Security Challenges In Mozambique Channel


Groups on the “Swahili Coast” started the Mozambique Channel insurgency in 2017. The revolution now includes not less than 800 separate attacks across Mozambique, especially Northern Mozambique. The attacks have resulted in at least 2600 fatalities while other 600,000 individuals are now displaced.
The importance of this strategic region for maritime security and traffic
By mid 19th century, the Mozambique Channel had for decades played a central role in the trade between the Western world, East Asia, and also within the Indian Ocean. Yet an international naval response was necessary to prevent illegal traffic and safeguard channel trade, a similar scenario we see today.
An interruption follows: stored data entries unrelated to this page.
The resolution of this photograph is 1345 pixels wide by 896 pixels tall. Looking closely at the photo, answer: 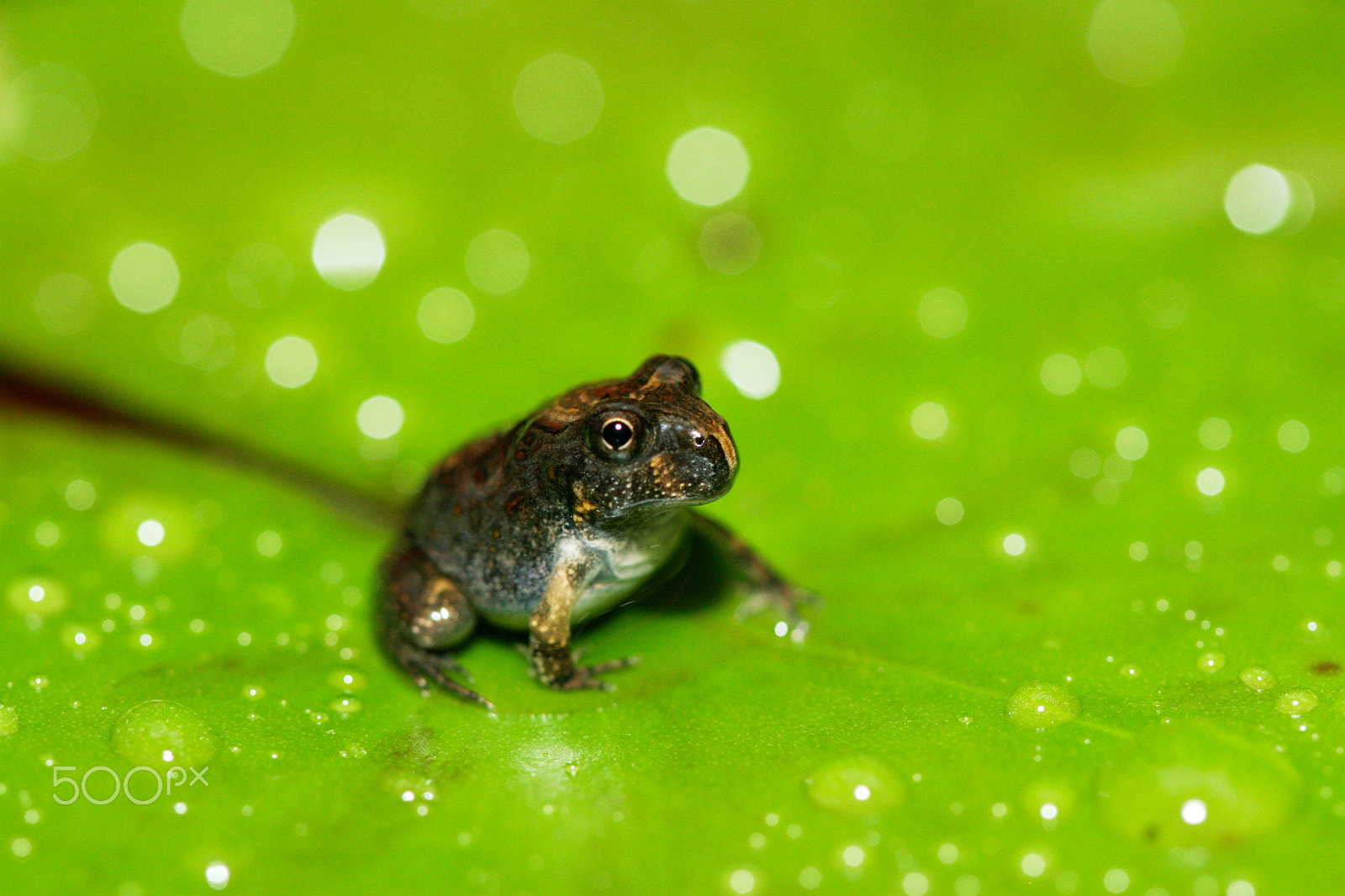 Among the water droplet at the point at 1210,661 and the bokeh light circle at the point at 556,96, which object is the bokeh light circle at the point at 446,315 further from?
the water droplet at the point at 1210,661

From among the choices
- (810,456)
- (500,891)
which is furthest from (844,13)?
(500,891)

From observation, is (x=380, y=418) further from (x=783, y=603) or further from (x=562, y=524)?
(x=783, y=603)

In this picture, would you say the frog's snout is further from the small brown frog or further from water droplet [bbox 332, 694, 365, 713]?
water droplet [bbox 332, 694, 365, 713]

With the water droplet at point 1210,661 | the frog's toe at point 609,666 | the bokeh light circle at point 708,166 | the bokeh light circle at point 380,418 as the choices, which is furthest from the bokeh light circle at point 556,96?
the water droplet at point 1210,661

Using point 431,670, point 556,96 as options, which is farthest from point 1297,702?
point 556,96

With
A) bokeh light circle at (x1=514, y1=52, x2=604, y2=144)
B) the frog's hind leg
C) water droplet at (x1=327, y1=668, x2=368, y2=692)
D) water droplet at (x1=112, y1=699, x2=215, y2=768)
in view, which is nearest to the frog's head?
the frog's hind leg

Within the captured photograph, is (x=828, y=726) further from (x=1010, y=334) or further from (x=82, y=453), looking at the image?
(x=82, y=453) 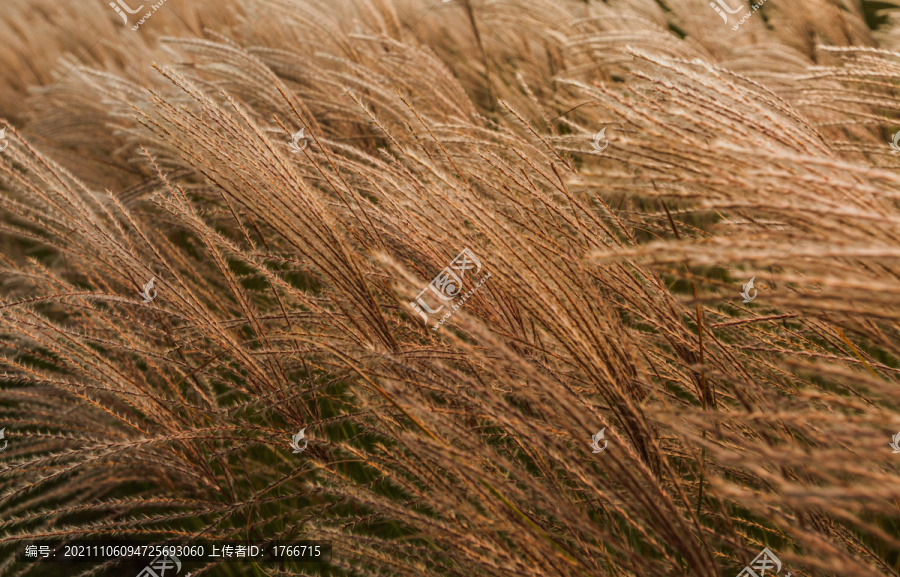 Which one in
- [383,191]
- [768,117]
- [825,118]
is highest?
[383,191]

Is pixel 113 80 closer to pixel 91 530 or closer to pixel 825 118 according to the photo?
pixel 91 530

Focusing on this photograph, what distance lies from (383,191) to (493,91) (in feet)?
6.39

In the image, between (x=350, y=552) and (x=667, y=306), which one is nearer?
(x=350, y=552)

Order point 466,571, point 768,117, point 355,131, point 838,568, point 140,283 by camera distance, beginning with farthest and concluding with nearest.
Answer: point 355,131 < point 140,283 < point 466,571 < point 768,117 < point 838,568

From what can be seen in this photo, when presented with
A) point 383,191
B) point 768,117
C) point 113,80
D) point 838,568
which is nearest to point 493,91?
point 113,80

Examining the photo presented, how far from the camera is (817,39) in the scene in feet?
9.91

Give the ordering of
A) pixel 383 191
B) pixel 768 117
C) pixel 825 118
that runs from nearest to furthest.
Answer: pixel 768 117, pixel 383 191, pixel 825 118

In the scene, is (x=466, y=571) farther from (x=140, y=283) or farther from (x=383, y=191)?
(x=140, y=283)

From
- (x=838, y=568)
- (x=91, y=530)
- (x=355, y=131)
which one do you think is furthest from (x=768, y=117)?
(x=355, y=131)

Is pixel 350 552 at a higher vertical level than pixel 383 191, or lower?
Result: lower

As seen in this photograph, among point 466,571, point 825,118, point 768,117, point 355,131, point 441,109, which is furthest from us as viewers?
point 355,131

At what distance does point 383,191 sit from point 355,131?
1.39 metres

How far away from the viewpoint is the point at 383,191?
1161 mm

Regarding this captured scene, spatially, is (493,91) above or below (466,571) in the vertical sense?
above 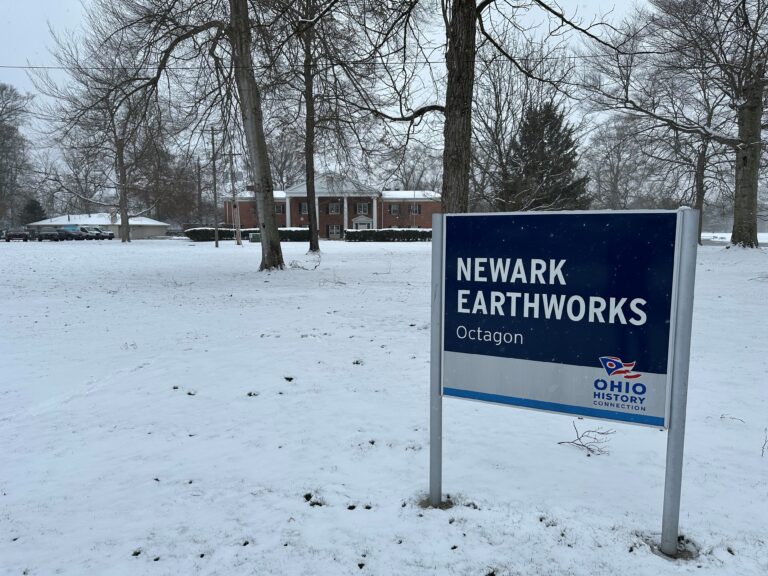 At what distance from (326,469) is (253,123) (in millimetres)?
12331

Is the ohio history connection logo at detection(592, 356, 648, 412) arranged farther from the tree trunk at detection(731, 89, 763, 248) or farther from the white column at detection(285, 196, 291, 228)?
the white column at detection(285, 196, 291, 228)

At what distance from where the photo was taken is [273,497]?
2.93m

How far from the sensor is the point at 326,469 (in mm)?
3268

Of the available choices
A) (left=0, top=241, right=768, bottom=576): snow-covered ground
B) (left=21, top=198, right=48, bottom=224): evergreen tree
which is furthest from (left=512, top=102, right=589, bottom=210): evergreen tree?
(left=21, top=198, right=48, bottom=224): evergreen tree

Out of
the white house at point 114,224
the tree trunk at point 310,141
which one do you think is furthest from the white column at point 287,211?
the tree trunk at point 310,141

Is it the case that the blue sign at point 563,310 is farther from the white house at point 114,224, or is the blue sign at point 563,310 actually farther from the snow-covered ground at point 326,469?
the white house at point 114,224

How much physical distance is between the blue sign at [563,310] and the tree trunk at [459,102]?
416 cm

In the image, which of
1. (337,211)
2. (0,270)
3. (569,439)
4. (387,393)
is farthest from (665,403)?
(337,211)

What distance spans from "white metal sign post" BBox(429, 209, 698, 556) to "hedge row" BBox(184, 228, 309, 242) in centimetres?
4501

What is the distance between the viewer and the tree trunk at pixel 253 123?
1285cm

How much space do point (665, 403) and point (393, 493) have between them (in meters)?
1.58

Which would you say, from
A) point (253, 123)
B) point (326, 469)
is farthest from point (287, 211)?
point (326, 469)

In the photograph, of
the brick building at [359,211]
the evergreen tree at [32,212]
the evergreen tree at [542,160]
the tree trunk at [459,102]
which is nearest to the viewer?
the tree trunk at [459,102]

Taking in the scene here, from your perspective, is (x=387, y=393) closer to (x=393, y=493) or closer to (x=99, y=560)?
(x=393, y=493) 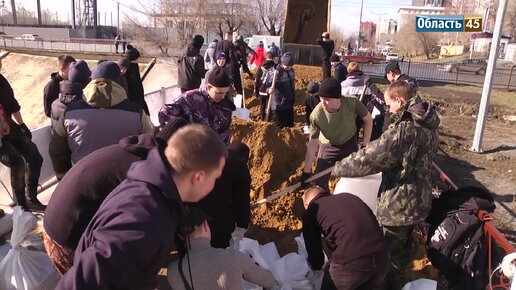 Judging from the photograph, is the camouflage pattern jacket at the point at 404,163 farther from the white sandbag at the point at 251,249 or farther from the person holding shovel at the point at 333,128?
the person holding shovel at the point at 333,128

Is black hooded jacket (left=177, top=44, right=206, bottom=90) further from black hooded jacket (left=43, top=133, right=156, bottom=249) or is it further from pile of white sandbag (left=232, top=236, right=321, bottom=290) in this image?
black hooded jacket (left=43, top=133, right=156, bottom=249)

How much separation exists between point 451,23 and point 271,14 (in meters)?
28.4

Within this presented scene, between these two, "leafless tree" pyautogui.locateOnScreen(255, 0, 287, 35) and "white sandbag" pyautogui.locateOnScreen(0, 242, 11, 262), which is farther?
"leafless tree" pyautogui.locateOnScreen(255, 0, 287, 35)

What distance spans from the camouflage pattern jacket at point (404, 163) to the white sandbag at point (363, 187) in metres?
0.47

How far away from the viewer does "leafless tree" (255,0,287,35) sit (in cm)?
3605

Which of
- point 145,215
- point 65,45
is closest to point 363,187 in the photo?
point 145,215

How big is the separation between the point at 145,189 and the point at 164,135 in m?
0.66

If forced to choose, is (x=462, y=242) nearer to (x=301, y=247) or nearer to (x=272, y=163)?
(x=301, y=247)

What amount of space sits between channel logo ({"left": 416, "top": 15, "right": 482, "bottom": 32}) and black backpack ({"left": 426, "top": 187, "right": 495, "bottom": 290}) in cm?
Result: 787

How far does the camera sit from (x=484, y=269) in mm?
2820

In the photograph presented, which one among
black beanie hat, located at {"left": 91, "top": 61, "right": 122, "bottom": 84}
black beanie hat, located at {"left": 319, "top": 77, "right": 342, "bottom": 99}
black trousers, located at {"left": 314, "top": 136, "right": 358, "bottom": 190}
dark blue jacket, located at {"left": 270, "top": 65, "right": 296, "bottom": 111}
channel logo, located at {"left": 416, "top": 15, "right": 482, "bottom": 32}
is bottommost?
black trousers, located at {"left": 314, "top": 136, "right": 358, "bottom": 190}

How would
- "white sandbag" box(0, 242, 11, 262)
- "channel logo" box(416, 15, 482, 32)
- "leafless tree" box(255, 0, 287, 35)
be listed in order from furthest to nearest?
"leafless tree" box(255, 0, 287, 35), "channel logo" box(416, 15, 482, 32), "white sandbag" box(0, 242, 11, 262)

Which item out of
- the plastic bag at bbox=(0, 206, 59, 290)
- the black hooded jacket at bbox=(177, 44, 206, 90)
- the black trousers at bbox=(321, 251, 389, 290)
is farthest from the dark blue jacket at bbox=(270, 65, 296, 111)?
the plastic bag at bbox=(0, 206, 59, 290)

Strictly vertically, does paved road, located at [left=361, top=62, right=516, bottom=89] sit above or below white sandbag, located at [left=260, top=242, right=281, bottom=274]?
above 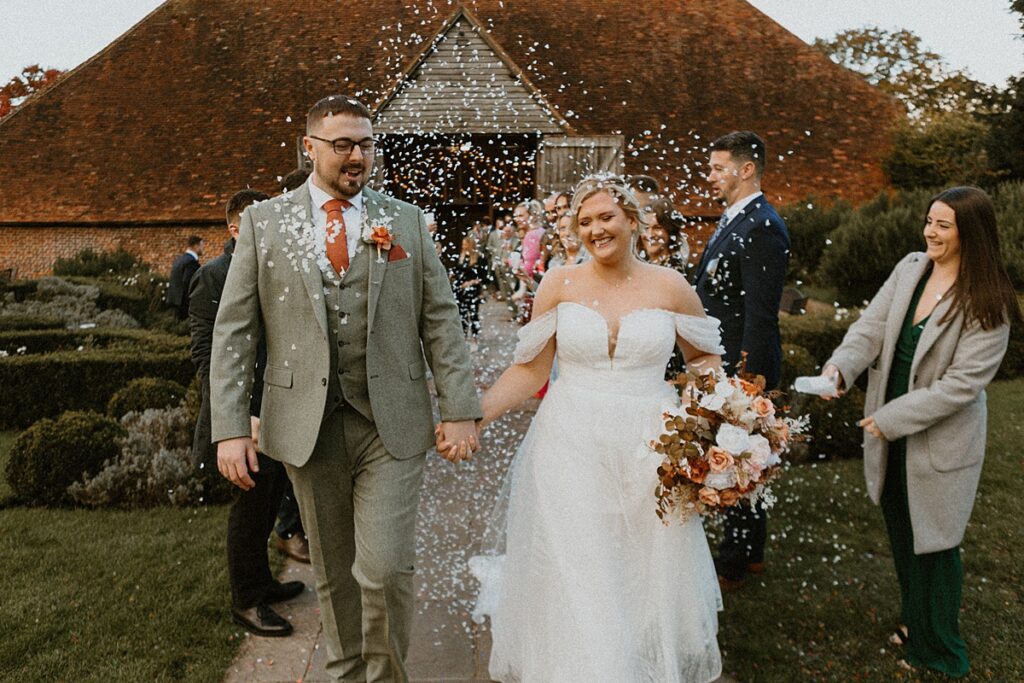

The Mozambique Channel has been a significant route for shipping in Eastern Africa. The Channel receives every major river in Madagascar. It also features the ports of Toliary and Mahajanga on its coast. The ports of Beira, Mozambique, and Maputo and the Zambezi River’s mouth are also along the opposite shore of the Mozambique Channel.
The current maritime security situation
The ongoing rebellion in northern Mozambique has led to multiple maritime security concerns in the Mozambique Channel, a primary transit course for the marine traffic in the Indian Ocean’s arm. For instance, March 2021 was a period that saw a sour struggle for the port of Palma, reinforcing concerns about maritime security between Madagascar and the Mozambique coast. Today, the Mozambique Channel is already experiencing limited local maritime-security capacity.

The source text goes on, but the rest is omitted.